#### Collected data:
□ □ □ □ □
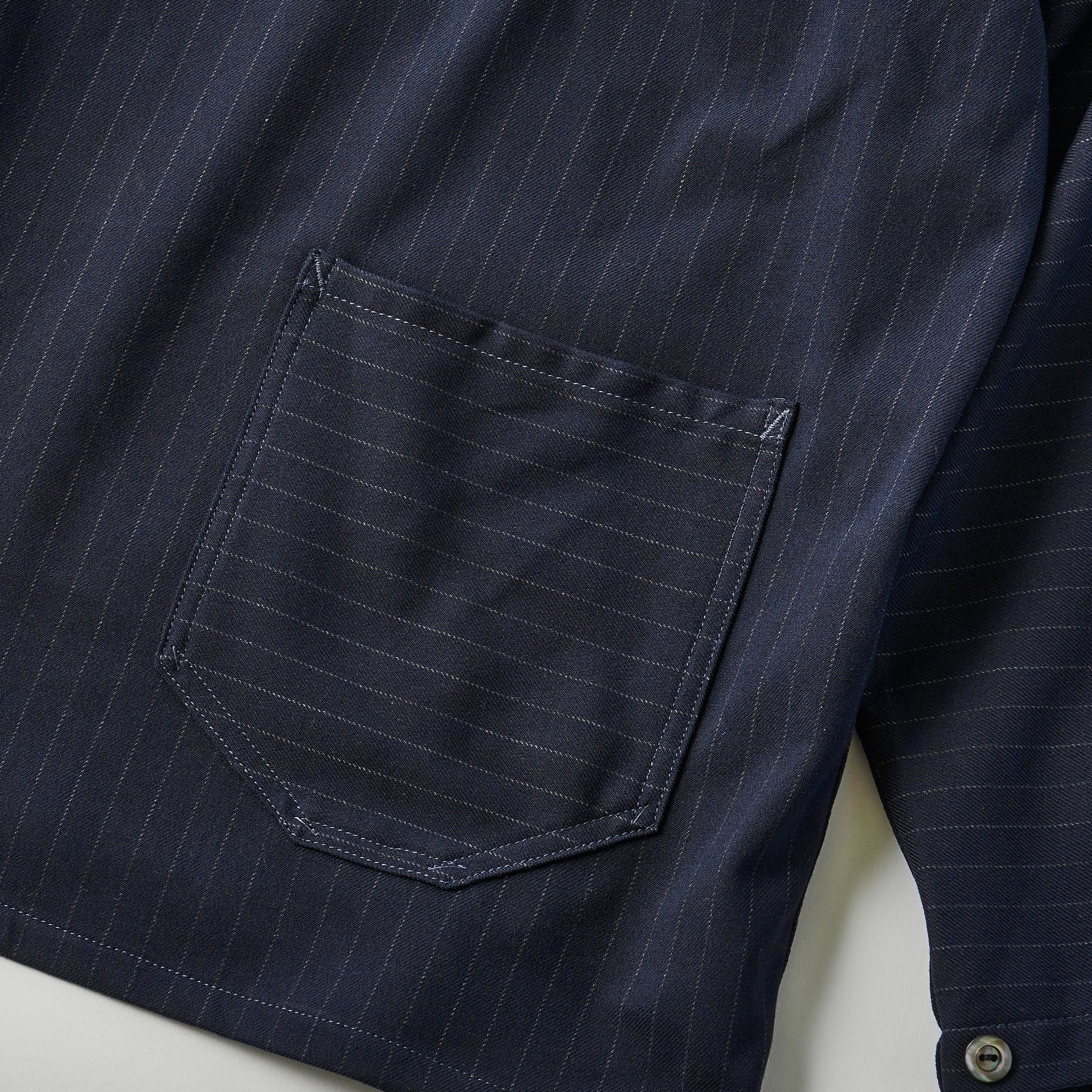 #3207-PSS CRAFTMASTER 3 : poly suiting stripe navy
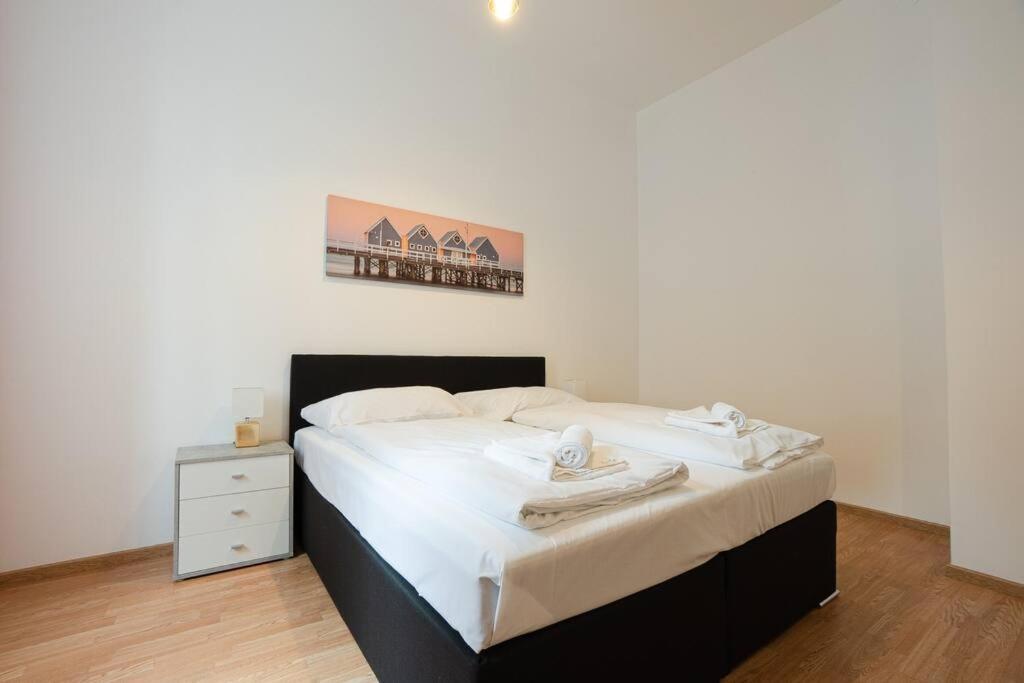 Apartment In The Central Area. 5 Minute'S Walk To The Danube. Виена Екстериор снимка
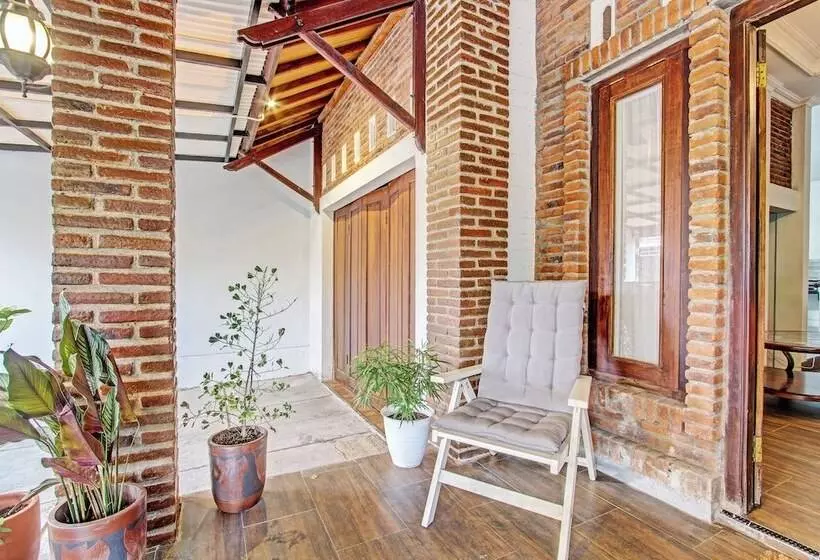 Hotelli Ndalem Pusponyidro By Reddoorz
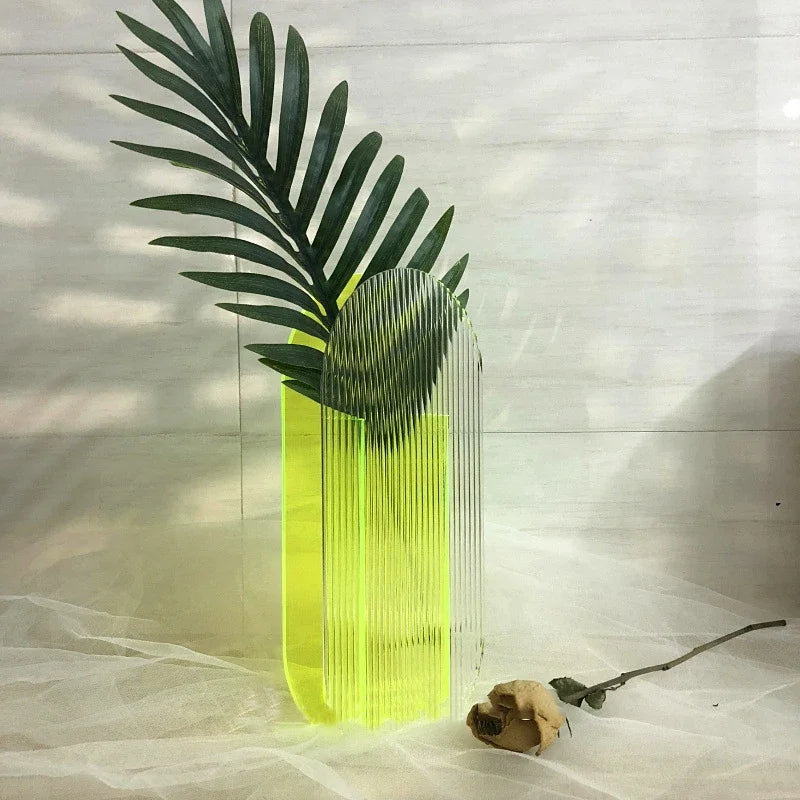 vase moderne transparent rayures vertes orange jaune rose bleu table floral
□ □ □ □ □
#### Problem details:
Restate the material above word for word, so that nothing changes except that the pictures are gone.

#### Your response:
 #3207-PSS CRAFTMASTER 3 : poly suiting stripe navy
 Apartment In The Central Area. 5 Minute'S Walk To The Danube. Виена Екстериор снимка
 Hotelli Ndalem Pusponyidro By Reddoorz
 vase moderne transparent rayures vertes orange jaune rose bleu table floral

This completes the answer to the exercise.